The cause–effect logic of the film illustrates yet another principle of classical narrative structure: closure. No event is uncaused. (Even Pettibone’s arrival is no lucky accident, for we know that the governor is under pressure to decide about the case.) More important, both lines of action are clearly resolved at the end: Williams is saved and the politicians are disgraced. Bruce, having gone home with mother, leaves Walter and Hildy preparing for a second honeymoon no less hectic than their first.

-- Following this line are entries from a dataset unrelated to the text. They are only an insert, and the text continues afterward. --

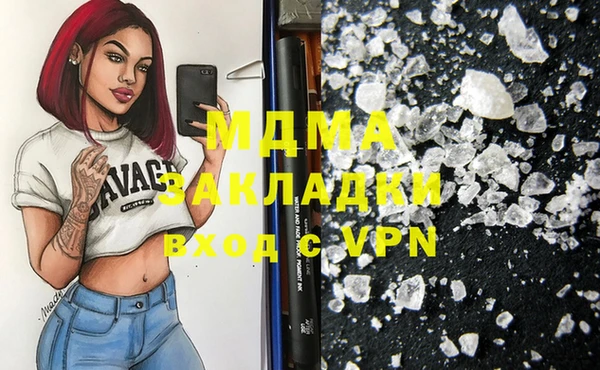 прущие грибы Семилуки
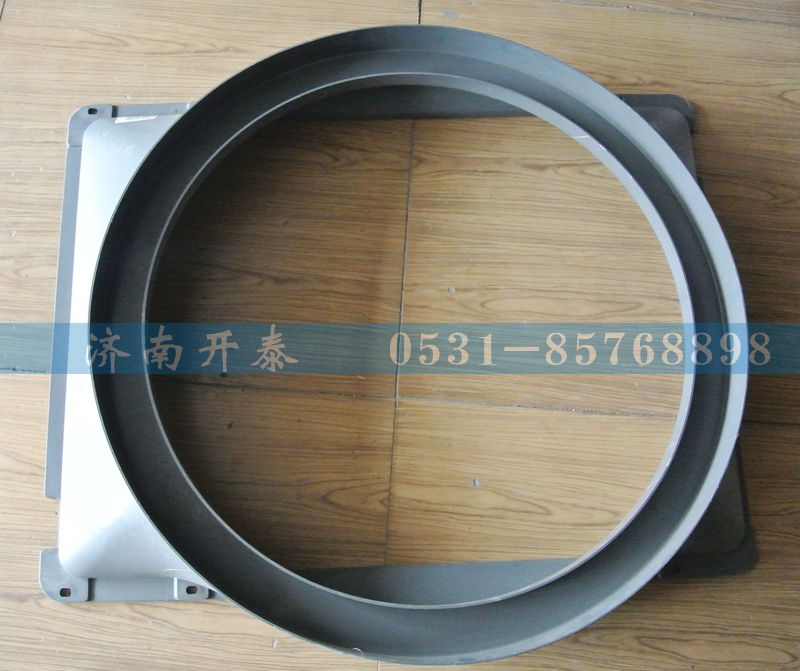 WG9325531303,護風(fēng)罩,濟南開泰工貿(mào)有限公司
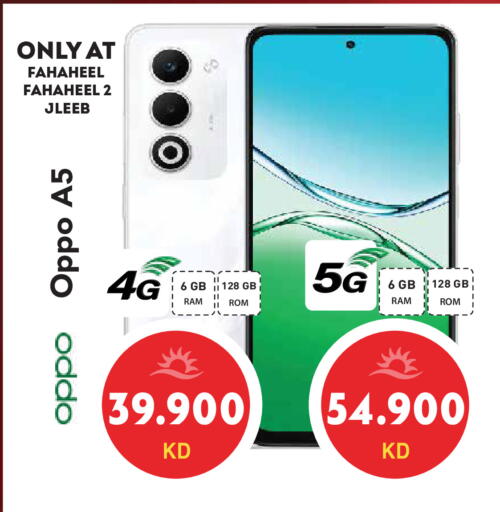 available at Grand Hyper in Kuwait - Kuwait City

So much for causality. What of narrative time? Classical Hollywood cinema typically subordinates time to the narrative’s cause–effect relations, and one common way is to set a deadline for the action. Thus a temporal goal is wedded to a causal one, and the time becomes charged with cause–effect significance. The deadline is also a convention of the newspaper genre, adding a built-in time and suspense factor. But in
His Girl Friday,
each of the two plots has its own deadlines as well. The mayor and the sheriff face an obvious deadline: Earl Williams must be hanged before next Tuesday’s election and before the governor can reprieve him. In his political strategizing, Walter Burns faces the other side of the same deadline: he wants Williams reprieved. What we might not expect is that the romance plot has deadlines as well.

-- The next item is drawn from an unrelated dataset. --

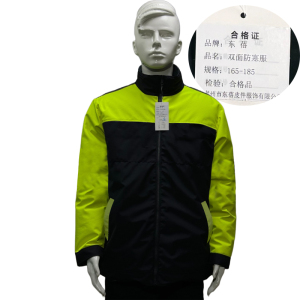東蓓双面防寒服165~185 件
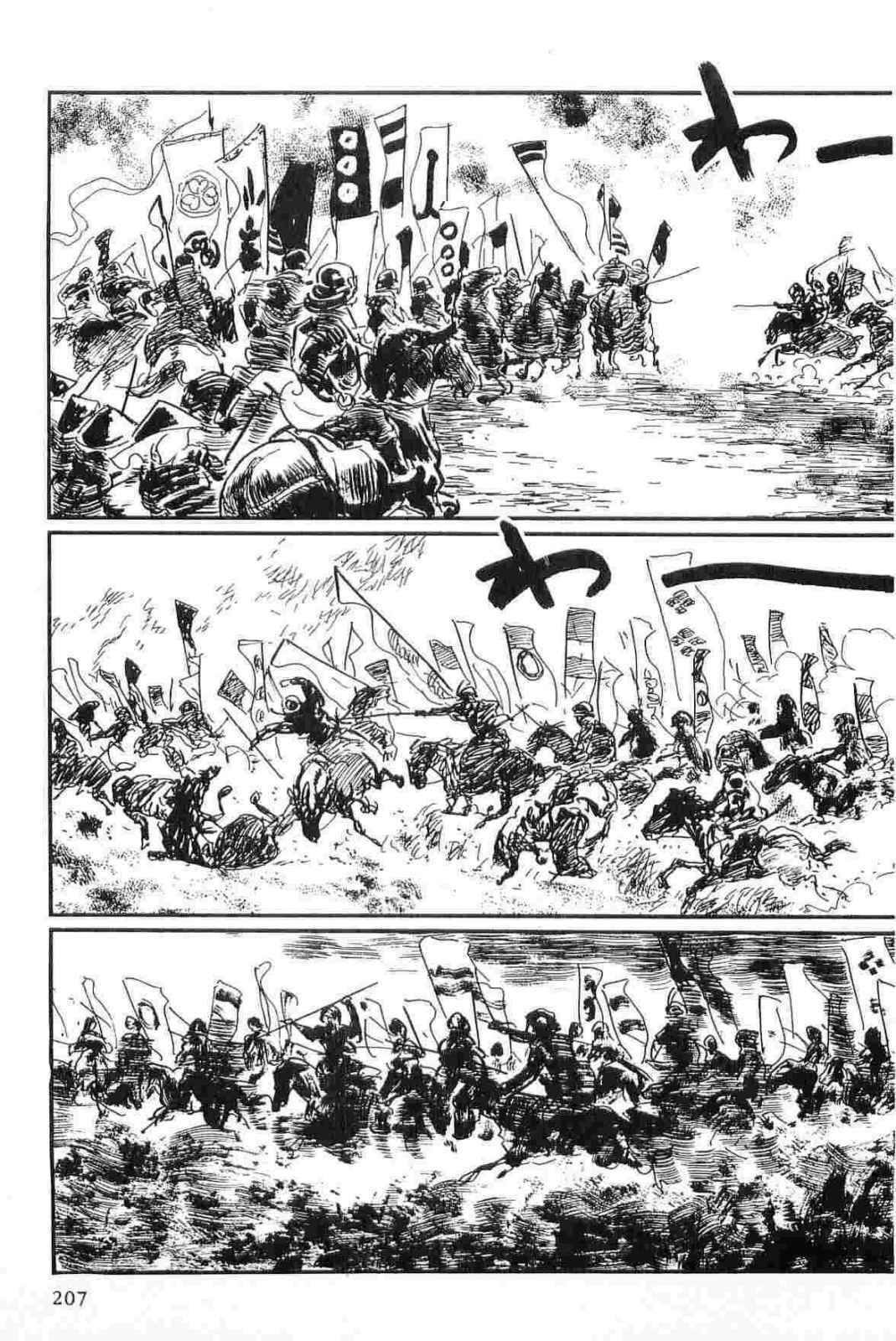 [Koike Kazuo, Kojima Goseki] Hanzou no Mon Vol.13 page 210 full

Bruce and Hildy are set to leave on a train bound for Albany and for marriage at four o’clock that very day. Walter’s machinations keep forcing the couple to postpone their departure. Add to this the fact that when Bruce comes to confront Hildy and Walter, he exits with the defiant ultimatum “I’m leaving on the nine o’clock train!” (Hildy misses that train as well.) The temporal structure of the film, then, depends on the cause–effect sequence. If Earl Williams were to be hanged next month, or if the election were two years off, or if Bruce and Hildy were planning a marriage at some distant future date, the sense of dramatic pressure would be lacking. The numerous overlapping deadlines under which all of the characters labor have the effect of squeezing together all the lines of action and sustaining the breathless pace of the film.

Another aspect of
His Girl Friday
’s patterning of time reinforces this pace. Though the plot presents events in straightforward chronological order, it takes remarkable liberties with story duration. Of course, since the primary story action consumes about nine hours (from around 12:30
P.M.
to around 9:30
P.M.
), we expect that certain portions of time
between
scenes will be eliminated. And so they have been. What is unusual is that the time
within
scenes has been accelerated.

At the start of the very first scene, for example, the clock in the
Post
office reads 12:36; after 12 minutes of screen time have passed, the same clock reads 12:57. It’s important to note that there have been no editing ellipses in the scene; the story duration has simply been compressed. If you time scene 13, you will find even more remarkable acceleration. People leave on long trips and return less than 10 minutes later. Again, the editing presents continuity of duration: it is story time that goes faster than screen time. This temporal compression combines with frenetically rushed dialogue and occasionally accelerated rhythmic editing (for example, the reporters’ cries just before Williams’s capture) to create the film’s breakneck pace.

Space, like time, is here subordinate to narrative cause and effect. Hawks’s camera moves unobtrusively to reframe the characters symmetrically in the shot. (Watch any scene silent to observe the subtle balancing act that goes on during the dialogue scenes. An example is shown in
5.144

5.146
.) Straight-on camera angles predominate, varied by an occasional high-angle shot down on the prison courtyard or on Williams’s cell bars. Why, we might ask in passing, does the prison receive this visual emphasis in the camera angle and the lighting?